Como a educação só fez afundar, e sempre, em toda essa era lulopetista, permito-me divulgar agora uma pequena parte de meu trabalho didático de quando eu estava "convivendo com o inimigo", ou seja, tentando convencer os petistas a serem um pouco mais racionais.
Não preciso dizer que falhei.
Mas, deixo aqui um pequeno testemunho de como tentei... inutilmente...
Eis a ficha do trabalho:
1509. “Incentivo
aos docentes e recursos diferenciados conforme o desempenho”, Brasília, 20
dezembro 2005, 5 p. Ambientações sugeridas no quadro do projeto de qualidade da
educação básica nas escolas públicas do Brasil, no âmbito do Núcleo de Assuntos Estratégicos da Presidência da República.
Paulo Roberto de Almeida
Brasília, 12 de janeiro de 2016
QUALIDADE
DA EDUCAÇÃO BÁSICA NAS ESCOLAS PÚBLICAS DO BRASIL
SOLUÇÕES INOVADORAS
Ambientações sugeridas por
Paulo Roberto de Almeida
20 de dezembro de 2005
7. INCENTIVO AOS DOCENTES E RECURSOS DIFERENCIADOS CONFORME O
DESEMPENHO
o Remuneração diferenciada conforme o desempenho (do docente e do
aluno).
o Incentivo para o pagamento de professores.
o Incentivo para o repasse para as escolas.
o Incentivo para o repasse para os municípios.
o Recursos novos (do FUNDEB, por exemplo).
o Docentes como personagens de novela (acordo com a mídia).
1. Remuneração
diferenciada conforme o desempenho (do docente e do aluno)
A Constituição Federal de 1988, em seu o
Artigo 206, estabelece alguns princípios educacionais que apresentam interesse
para a questão da remuneração do magistério, podendo ser citados os seguintes:
“Art. 206. O ensino será ministrado com base nos seguintes
princípios:
IV - gratuidade do ensino público em estabelecimentos
oficiais;
V - valorização dos profissionais do ensino, garantido, na
forma da lei, plano de carreira para o magistério público, com piso salarial
profissional e ingresso exclusivamente por concurso público de provas e
títulos, assegurado regime jurídico único para todas as instituições mantidas
pela União;”
A Lei de Diretrizes e Bases da Educação Nacional
(1996) oferece, por sua vez, regras similares para o tratamento do pessoal do
magistério:
“Art. 67. Os
sistemas de ensino promoverão a valorização dos profissionais da educação,
assegurando-lhes, inclusive nos termos dos estatutos e dos planos de carreira
do magistério público:
III - piso salarial
profissional;
IV - progressão
funcional baseada na titulação ou habilitação, e na avaliação do desempenho;”
A Carta federal e a LDB parecem, numa primeira
abordagem, bastante flexíveis na atribuição de competências diferenciadas ou
concorrentes entre os entes federados e entre o setor público e o privado no
oferecimento dos serviços educacionais, havendo uma concentração preferencial
dos municípios no ensino fundamental, dos estados no segundo ciclo e da União
no ensino superior.
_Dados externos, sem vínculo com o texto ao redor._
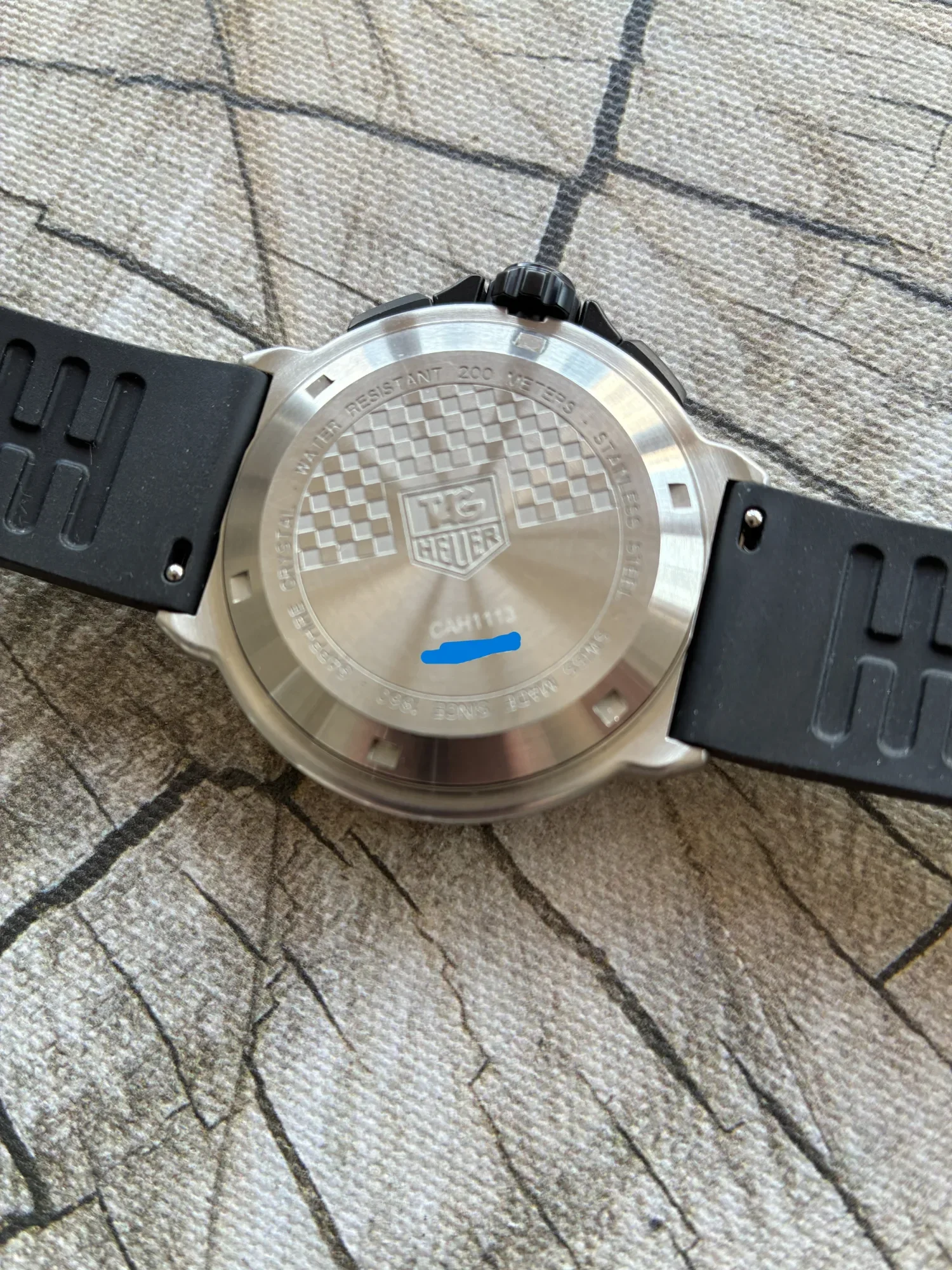 TAG Heuer CAH1113.BT0714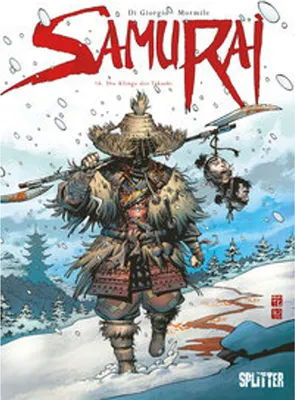Produktbild von Samurai. Band 16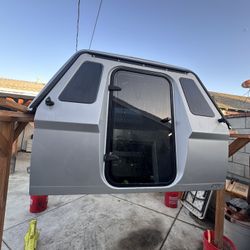 DODGE CAMPER SHELL 09-2018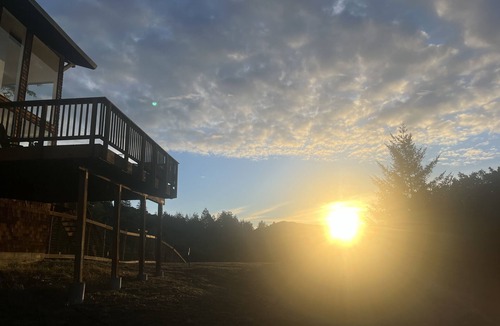 Nicasio Apartment | Sweeping Views, Private Deck, Outdoor Spa, Unit #2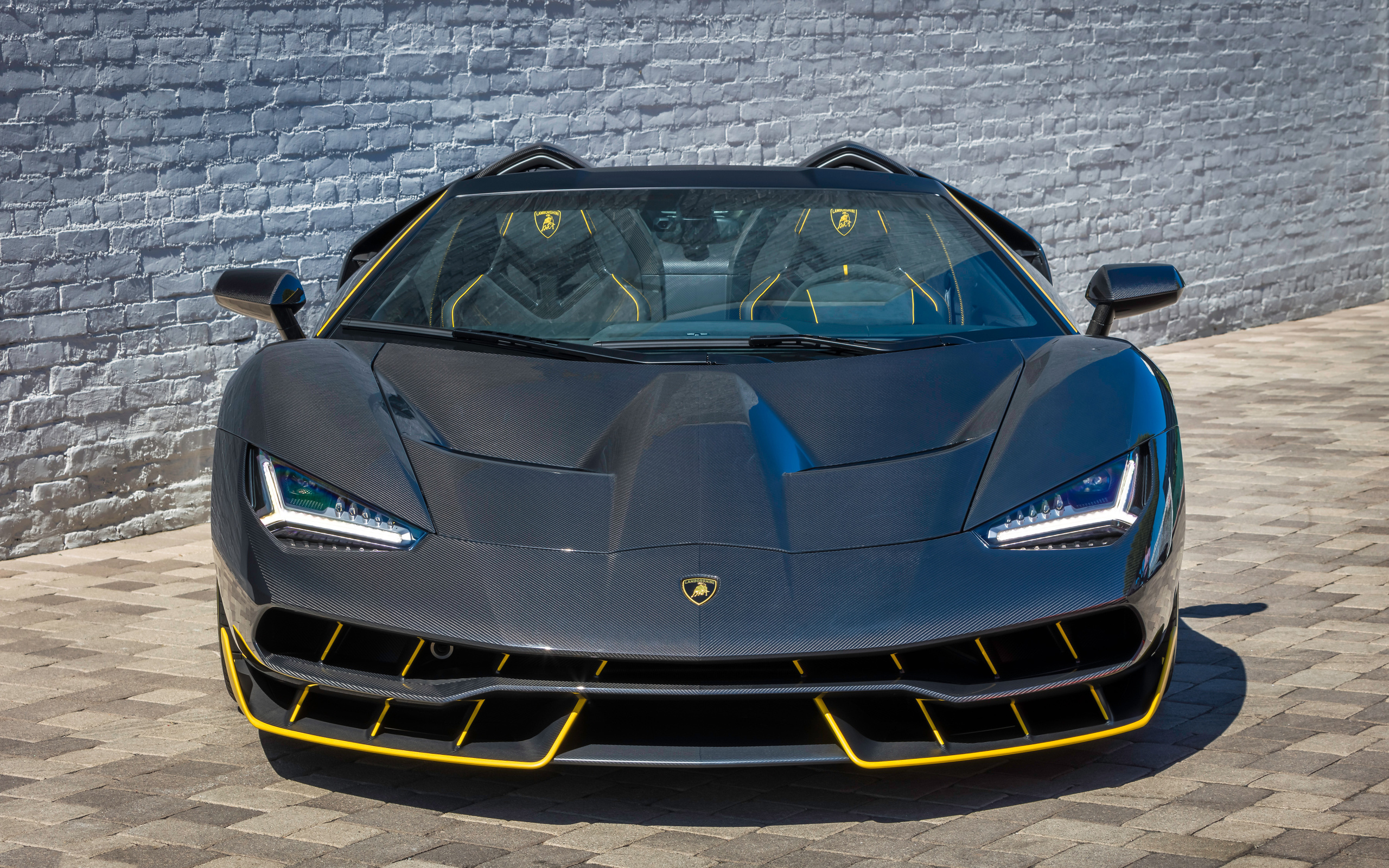 lamborghini, centenario, roadster,  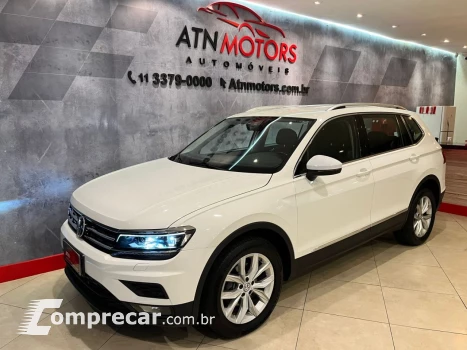 Volkswagen Tiguan Allspace 1.4 16V 4P TSI 250 FLEX TURBO COMFORTLINE AU 4 portas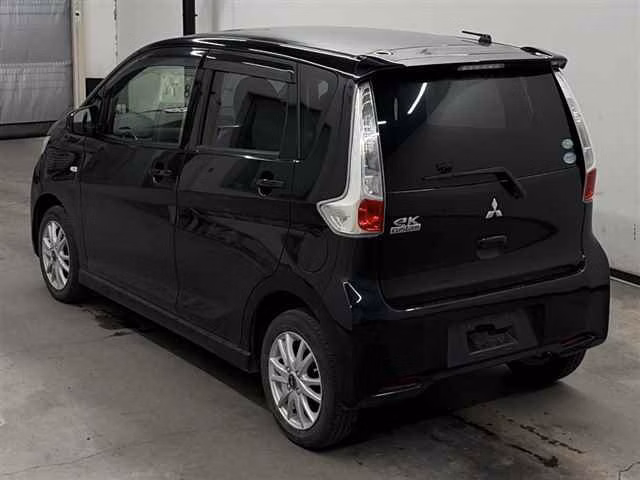 MITSUBISHI EK CUSTOM
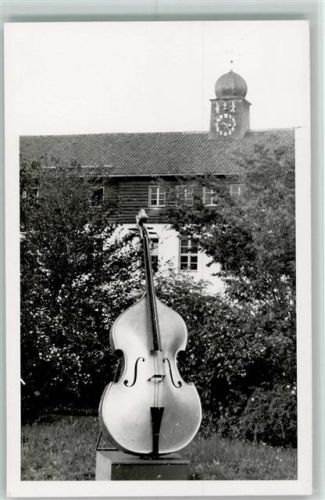 Mittenwald Geigendenkmal
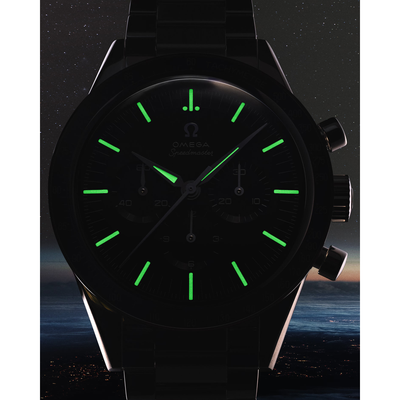 Speedmaster First OMEGA in Space 39,7 mm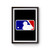 Mlb Baseball Logo Poster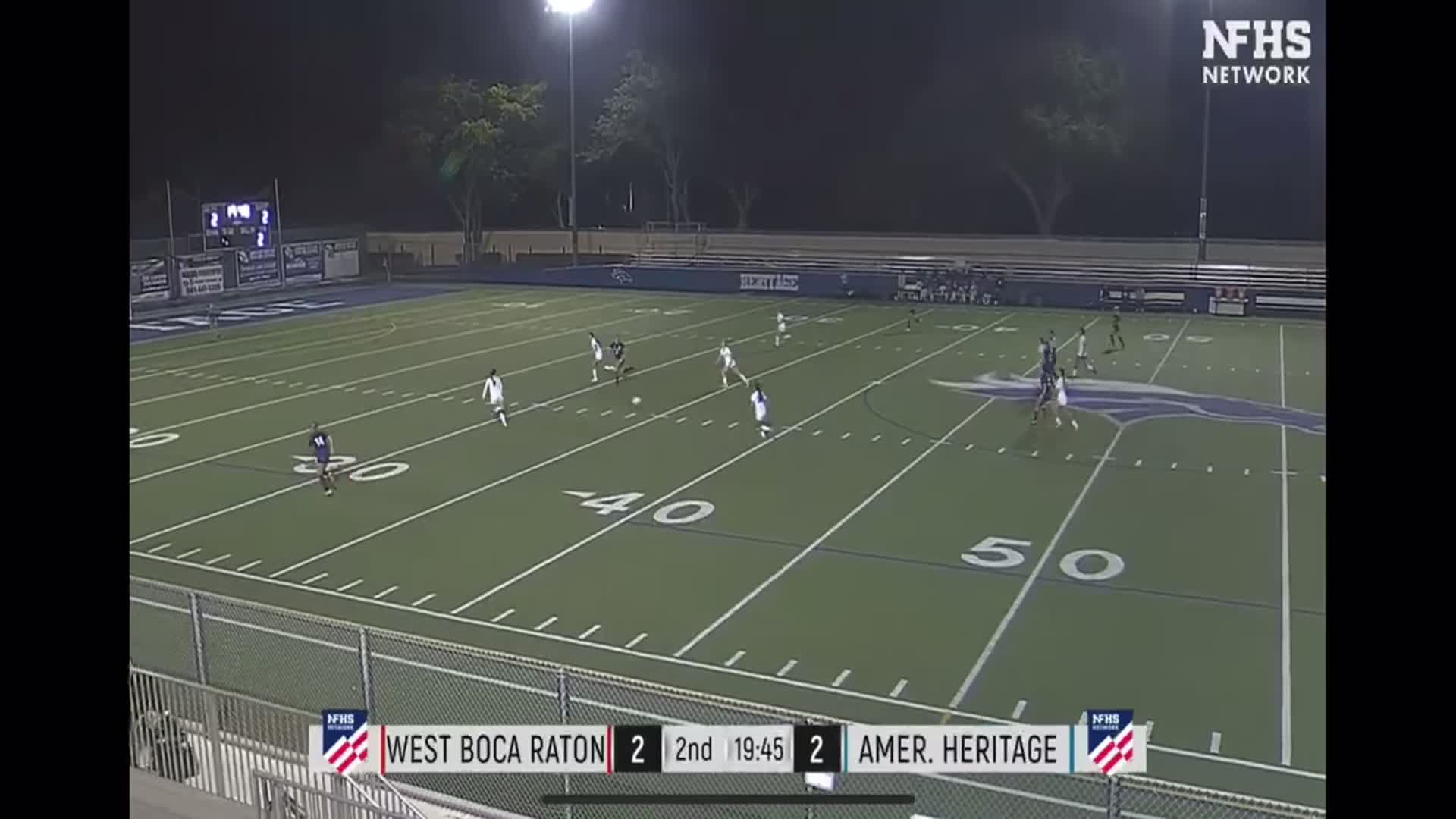 American heritage delray vs west boca high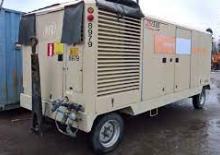 Prijenosni zračni kompresori - dizel, električni, benzinski Ingersoll-Rand 25/330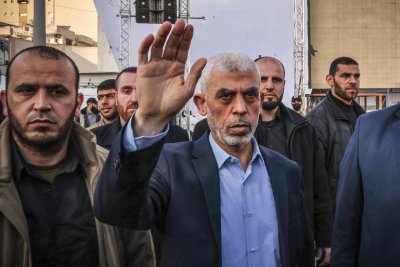 ЕС добави политическия лидер на "Хамас" в списък на терористите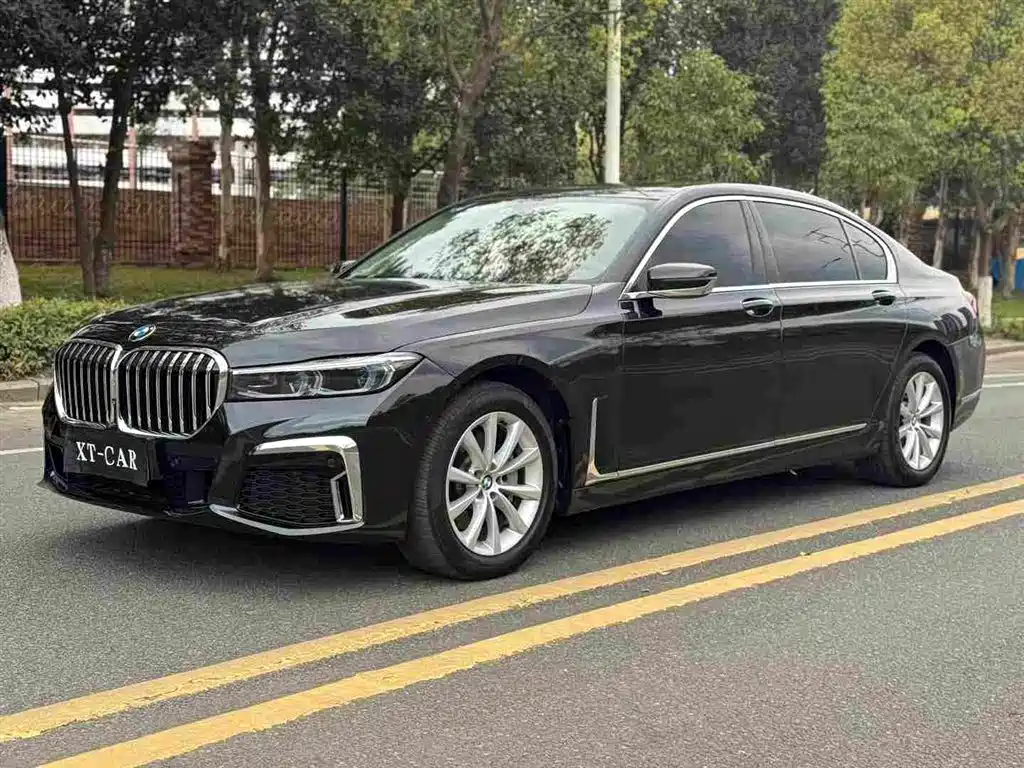 BMW 7 Series 2016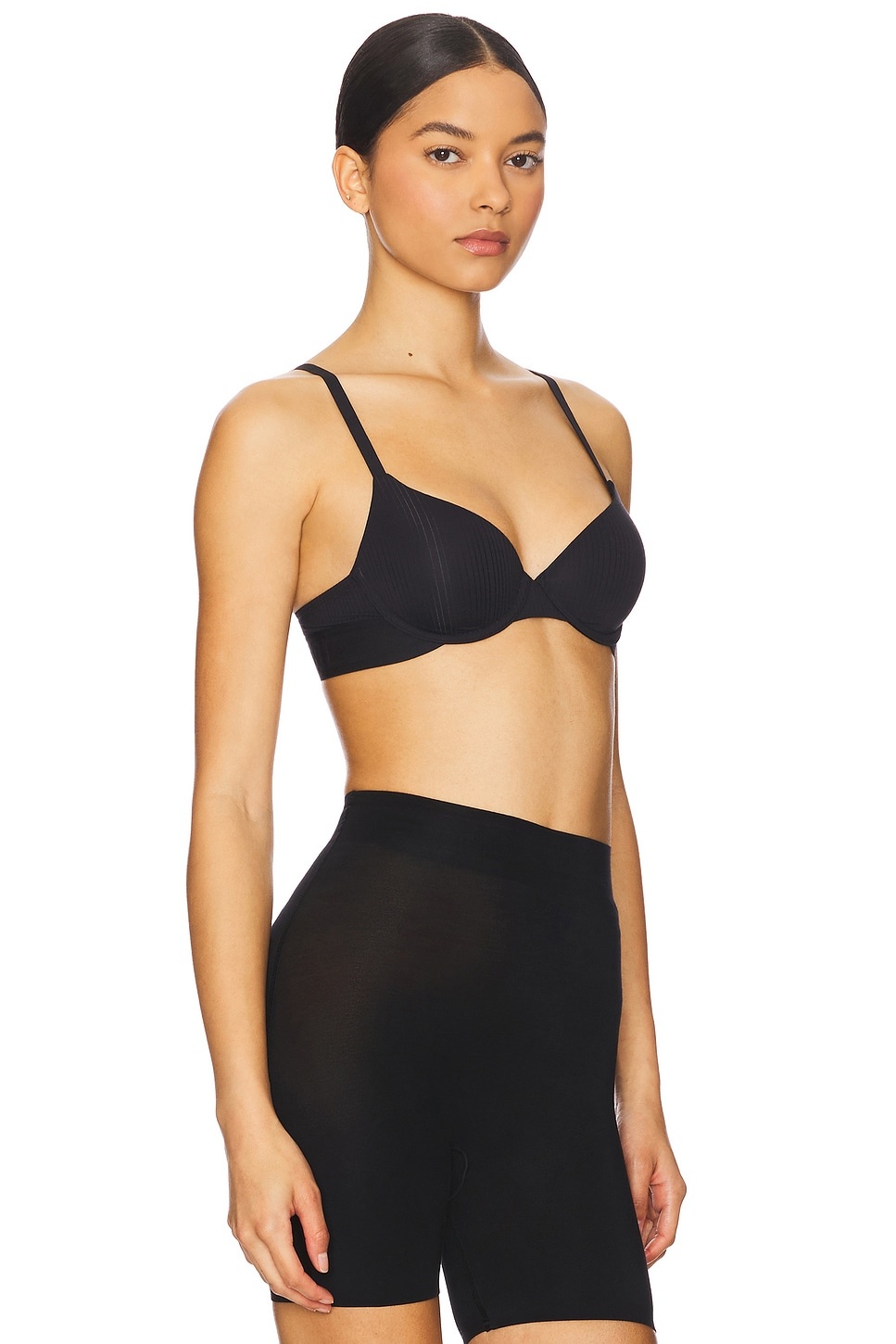 Lightly Lined Demi Bra - 2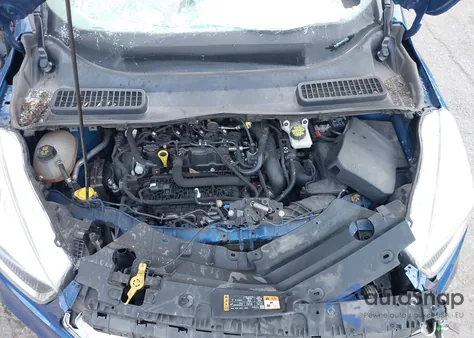 2019 Ford Escape Se z USA, uszkodzony, nr VIN 1FMCU0GD2KUA84291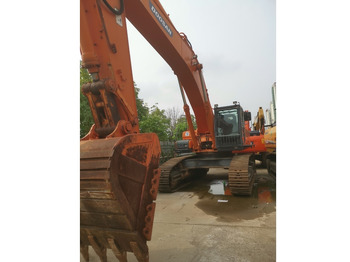 حفارات زحافة DOOSAN DX500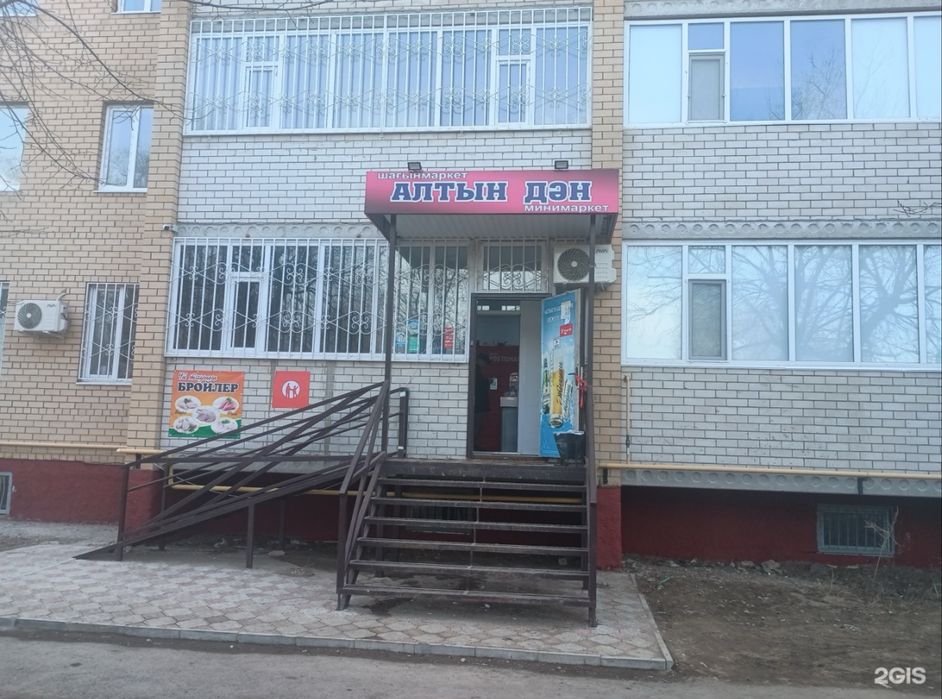 Продаётся действующий продуктовый магазин.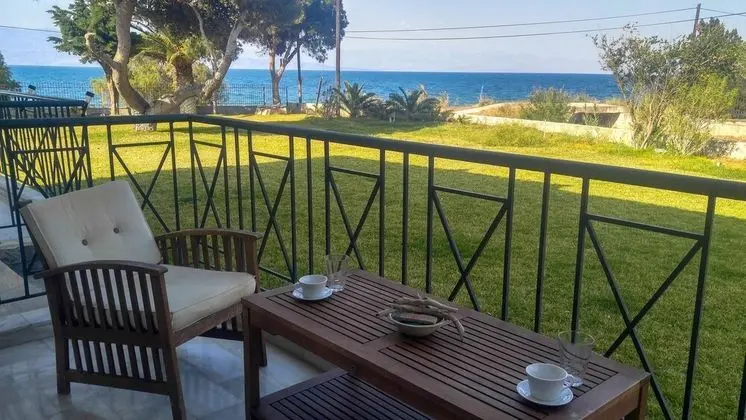 Comfort Apart Daire, 2 Yatak Odası, Balkon, Deniz Manzaralı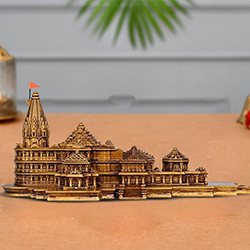 Ram Mandir Ayodhya Model to Lakshadweep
Mas, a própria CF e os estatutos do magistério também
impõem, inclusive em virtude da conhecida tradição centralista e burocrática da
administração pública brasileira, amarras poderosas no que tange à questão
salarial. Entre essas amarras situam-se a isonomia no
que se refere a salários e à carreira, que constituem poderosos fatores de
letargia e acomodação na performance do setor educacional brasileiro.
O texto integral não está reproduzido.